Jan Aksel Wolthuis (27 February 1903 – 16 March 1983), a lawyer by training, was a Dutch Nazi who collaborated with the German occupiers during World War II and after the war was active in far-right politics.

==Biography==

===Until 1945===
Born in Groningen, Wolthuis studied law at the University of Groningen. In 1933 he joined Anton Mussert's National Socialist Movement in the Netherlands, or NSB. In the years before 1940 he fulfilled a number of offices in the NSB at the local level, and during the war proved himself a fanatical Nazi, adhering to the ideology of Meinoud Rost van Tonningen. He received an appointment as "justice of the peace" in Arnhem, essentially a political office occupied by NSB members and intended to handle civil infractions involving NSB members. In addition, the justice of the peace in Arnhem was also a justice of the economy, a special position introduced in 1941 to punish infractions in the domestic economy, particularly in relation to food rationing and price control. Wolthuis made no secret of his allegiance; he was known to occasionally wear his NSB uniform under his robes. The cases he handled that were reported on in the papers were minor: he sentenced a chaplain to two months in jail for an unauthorized fundraiser, and presided over a case in which a citizen (a member of the NSB) complained that his bicycle had been requisitioned without a proper notification and subsequently insulted the mayor, claiming he was responsible for the theft of his bicycle.

===After the war===
After the war he was jailed for four years and was banned from working in the legal and judicial professions. An unrepentant ideologue, he corresponded regularly with Arnold Meijer, the Catholic fascist who had been convicted as a collaborator and was released from jail in 1948. An attempt to organize a celebration for Dutch SSers who were killed in the war, a "Celebration of Heroes," was unsuccessful.
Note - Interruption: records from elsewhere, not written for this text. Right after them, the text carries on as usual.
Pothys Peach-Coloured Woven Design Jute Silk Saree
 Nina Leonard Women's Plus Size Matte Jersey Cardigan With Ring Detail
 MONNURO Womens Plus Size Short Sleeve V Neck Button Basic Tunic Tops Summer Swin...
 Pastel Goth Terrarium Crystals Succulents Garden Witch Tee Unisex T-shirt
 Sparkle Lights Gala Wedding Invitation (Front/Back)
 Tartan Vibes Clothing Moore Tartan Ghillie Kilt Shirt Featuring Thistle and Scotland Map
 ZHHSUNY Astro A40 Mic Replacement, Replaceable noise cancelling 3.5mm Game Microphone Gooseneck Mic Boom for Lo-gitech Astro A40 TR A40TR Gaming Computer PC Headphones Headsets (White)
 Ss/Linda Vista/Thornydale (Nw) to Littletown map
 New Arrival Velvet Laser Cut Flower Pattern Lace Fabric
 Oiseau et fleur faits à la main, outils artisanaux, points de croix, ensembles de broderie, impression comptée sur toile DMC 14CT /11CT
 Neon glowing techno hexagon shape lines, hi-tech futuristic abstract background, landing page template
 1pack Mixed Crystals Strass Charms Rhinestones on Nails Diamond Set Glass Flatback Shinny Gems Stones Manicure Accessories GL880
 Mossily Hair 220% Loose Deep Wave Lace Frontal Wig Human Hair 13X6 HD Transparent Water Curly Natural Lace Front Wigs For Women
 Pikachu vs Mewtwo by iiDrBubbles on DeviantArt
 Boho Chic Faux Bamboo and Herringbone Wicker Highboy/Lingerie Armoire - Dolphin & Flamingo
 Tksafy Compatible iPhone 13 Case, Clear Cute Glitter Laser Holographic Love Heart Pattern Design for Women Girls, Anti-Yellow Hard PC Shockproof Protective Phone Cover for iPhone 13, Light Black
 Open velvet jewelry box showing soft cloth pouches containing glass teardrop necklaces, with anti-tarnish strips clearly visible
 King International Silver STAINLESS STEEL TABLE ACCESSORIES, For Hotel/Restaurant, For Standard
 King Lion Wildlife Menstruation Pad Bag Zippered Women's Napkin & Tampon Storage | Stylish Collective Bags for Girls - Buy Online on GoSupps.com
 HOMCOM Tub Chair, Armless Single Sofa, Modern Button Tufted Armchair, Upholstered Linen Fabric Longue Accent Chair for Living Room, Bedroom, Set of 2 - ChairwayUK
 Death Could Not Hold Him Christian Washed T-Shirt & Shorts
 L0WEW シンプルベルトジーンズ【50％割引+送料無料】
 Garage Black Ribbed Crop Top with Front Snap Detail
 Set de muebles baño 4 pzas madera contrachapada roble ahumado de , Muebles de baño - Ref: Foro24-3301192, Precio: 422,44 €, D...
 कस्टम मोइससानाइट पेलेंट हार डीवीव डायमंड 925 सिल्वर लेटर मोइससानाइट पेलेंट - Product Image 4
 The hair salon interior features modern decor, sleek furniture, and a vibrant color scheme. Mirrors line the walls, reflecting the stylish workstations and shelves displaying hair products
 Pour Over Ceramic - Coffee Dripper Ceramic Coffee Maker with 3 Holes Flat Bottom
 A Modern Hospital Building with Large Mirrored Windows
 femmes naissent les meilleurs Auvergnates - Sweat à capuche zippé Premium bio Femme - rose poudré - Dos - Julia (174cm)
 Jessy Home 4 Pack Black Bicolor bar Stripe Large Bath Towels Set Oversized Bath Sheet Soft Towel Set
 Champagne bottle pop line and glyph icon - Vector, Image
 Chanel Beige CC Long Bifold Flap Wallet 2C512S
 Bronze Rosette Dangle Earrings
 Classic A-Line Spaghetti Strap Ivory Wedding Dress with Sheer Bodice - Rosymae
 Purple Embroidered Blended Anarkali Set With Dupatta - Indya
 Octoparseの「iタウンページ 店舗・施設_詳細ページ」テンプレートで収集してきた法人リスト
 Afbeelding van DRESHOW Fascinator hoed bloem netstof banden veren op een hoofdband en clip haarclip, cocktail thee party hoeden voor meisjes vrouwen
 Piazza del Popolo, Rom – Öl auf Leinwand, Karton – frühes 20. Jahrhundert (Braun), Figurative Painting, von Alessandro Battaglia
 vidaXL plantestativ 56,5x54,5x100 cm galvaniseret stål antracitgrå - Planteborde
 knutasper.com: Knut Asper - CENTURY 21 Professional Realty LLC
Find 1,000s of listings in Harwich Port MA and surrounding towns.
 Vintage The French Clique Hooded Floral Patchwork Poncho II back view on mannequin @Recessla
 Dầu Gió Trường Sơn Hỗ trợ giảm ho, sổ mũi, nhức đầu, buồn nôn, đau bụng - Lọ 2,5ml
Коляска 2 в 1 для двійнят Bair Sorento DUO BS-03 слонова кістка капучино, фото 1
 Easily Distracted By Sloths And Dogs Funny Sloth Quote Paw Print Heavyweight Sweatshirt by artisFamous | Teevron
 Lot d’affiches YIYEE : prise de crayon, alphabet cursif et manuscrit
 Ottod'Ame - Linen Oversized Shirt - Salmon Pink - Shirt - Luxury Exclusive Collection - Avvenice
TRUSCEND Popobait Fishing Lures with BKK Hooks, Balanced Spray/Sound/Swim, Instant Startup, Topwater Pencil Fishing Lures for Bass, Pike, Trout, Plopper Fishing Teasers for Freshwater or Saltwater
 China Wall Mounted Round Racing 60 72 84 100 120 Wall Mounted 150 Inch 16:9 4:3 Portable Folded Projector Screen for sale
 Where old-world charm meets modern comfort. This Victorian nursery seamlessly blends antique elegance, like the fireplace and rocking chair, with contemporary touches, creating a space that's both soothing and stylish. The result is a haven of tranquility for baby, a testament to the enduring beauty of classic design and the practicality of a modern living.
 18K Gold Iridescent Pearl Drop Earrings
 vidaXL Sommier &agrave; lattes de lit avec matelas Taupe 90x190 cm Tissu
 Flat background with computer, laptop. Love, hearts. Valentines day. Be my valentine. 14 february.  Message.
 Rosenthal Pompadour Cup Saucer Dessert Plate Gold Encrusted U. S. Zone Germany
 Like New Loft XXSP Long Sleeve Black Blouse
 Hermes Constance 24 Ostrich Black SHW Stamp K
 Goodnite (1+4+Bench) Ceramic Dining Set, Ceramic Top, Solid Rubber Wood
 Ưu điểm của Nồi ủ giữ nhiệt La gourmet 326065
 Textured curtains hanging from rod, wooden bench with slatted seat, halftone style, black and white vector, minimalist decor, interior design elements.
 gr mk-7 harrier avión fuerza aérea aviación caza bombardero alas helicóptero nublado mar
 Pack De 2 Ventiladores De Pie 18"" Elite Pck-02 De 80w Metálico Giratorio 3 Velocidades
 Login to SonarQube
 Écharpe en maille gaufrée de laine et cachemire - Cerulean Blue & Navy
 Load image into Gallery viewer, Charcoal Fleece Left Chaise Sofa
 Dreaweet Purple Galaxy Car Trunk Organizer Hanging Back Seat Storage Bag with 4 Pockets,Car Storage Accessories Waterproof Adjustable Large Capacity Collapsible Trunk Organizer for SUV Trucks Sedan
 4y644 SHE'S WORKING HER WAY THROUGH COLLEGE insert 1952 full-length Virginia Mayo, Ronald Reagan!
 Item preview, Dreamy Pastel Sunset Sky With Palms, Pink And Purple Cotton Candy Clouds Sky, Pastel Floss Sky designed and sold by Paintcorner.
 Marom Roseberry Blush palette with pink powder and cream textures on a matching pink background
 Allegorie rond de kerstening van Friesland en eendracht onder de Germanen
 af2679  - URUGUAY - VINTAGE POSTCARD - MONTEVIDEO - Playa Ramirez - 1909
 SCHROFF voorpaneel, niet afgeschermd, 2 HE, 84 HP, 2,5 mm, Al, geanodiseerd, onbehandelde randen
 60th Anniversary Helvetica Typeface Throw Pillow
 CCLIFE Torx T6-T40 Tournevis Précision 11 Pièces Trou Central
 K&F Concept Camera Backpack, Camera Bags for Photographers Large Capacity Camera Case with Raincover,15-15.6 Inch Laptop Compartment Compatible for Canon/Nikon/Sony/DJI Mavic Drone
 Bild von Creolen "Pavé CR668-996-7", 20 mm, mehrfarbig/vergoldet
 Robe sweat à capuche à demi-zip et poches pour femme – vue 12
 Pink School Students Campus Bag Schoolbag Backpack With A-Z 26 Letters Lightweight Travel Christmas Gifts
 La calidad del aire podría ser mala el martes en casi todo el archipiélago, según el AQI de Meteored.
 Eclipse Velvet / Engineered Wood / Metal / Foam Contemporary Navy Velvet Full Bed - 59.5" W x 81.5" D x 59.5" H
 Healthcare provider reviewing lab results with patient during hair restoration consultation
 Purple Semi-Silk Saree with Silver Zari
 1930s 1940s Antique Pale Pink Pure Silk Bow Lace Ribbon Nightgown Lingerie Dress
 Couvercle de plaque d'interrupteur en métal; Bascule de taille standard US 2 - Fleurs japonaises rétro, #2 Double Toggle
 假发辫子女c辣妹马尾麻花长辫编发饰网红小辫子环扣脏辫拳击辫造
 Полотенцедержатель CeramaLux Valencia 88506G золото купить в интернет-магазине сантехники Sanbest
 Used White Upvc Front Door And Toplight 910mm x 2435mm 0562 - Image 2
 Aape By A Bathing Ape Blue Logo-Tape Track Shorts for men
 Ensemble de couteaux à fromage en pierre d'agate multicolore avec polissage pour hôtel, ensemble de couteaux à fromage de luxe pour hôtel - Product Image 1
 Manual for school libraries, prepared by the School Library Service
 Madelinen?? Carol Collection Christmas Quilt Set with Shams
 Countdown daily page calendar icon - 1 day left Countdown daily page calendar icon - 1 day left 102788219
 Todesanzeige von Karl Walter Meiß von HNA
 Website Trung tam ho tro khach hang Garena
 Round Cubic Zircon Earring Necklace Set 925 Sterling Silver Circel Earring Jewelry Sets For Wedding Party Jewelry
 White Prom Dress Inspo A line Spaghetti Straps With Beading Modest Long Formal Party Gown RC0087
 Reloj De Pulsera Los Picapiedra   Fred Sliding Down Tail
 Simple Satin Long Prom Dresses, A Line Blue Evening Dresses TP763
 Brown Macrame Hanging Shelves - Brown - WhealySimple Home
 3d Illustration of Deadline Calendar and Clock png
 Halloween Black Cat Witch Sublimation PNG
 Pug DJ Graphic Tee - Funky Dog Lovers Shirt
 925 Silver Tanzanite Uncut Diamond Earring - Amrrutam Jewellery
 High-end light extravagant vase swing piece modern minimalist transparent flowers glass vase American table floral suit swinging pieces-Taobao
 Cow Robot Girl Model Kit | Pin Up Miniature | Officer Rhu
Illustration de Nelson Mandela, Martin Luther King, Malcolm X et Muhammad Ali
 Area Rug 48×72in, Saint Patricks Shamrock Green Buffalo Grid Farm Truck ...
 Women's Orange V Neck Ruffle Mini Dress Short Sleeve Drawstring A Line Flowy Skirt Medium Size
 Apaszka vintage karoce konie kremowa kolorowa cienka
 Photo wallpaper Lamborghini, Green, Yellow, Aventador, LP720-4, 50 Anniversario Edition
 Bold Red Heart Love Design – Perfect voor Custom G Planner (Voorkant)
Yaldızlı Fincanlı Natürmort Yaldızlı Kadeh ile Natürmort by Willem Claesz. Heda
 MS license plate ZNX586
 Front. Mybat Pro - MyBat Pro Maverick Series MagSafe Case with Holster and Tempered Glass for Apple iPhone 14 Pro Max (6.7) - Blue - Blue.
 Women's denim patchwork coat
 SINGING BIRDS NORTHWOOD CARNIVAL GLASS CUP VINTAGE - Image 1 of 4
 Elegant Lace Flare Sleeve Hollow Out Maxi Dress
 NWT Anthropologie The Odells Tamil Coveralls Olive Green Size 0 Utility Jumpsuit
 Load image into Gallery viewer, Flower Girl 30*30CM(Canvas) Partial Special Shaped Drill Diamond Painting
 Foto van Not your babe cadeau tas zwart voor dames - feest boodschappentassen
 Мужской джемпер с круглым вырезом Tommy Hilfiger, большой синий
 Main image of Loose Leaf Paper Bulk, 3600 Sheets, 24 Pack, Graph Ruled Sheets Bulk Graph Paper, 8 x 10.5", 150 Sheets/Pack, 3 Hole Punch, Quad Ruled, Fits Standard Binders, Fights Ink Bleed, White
In the 1950s, he co-founded (with fellow Waffen-SS volunteer and collaborator Jan Hartman) the Stichting Oud Politieke Delinquenten. This was the first and largest of Dutch organizations of convicted collaborators; an attempt at resurrecting the NSB under the transparent moniker NESB, or Nationaal Europese Sociale Beweging, was unsuccessful. His activities with the NESB led to an arrest in 1953, when he and Paul van Tienen were sentenced to two months' imprisonment for running an organization considered a successor to the NSB.

After the NESB was dismantled Wolthuis ceased having any importance in far-right parties, though he remained involved with organizations that supported veterans of the Eastern Front. With Hartman, he played a never fully explained part in the 1952 escape of seven convicted war criminals from the Koepelgevangenis in Breda, including Klaas Carel Faber.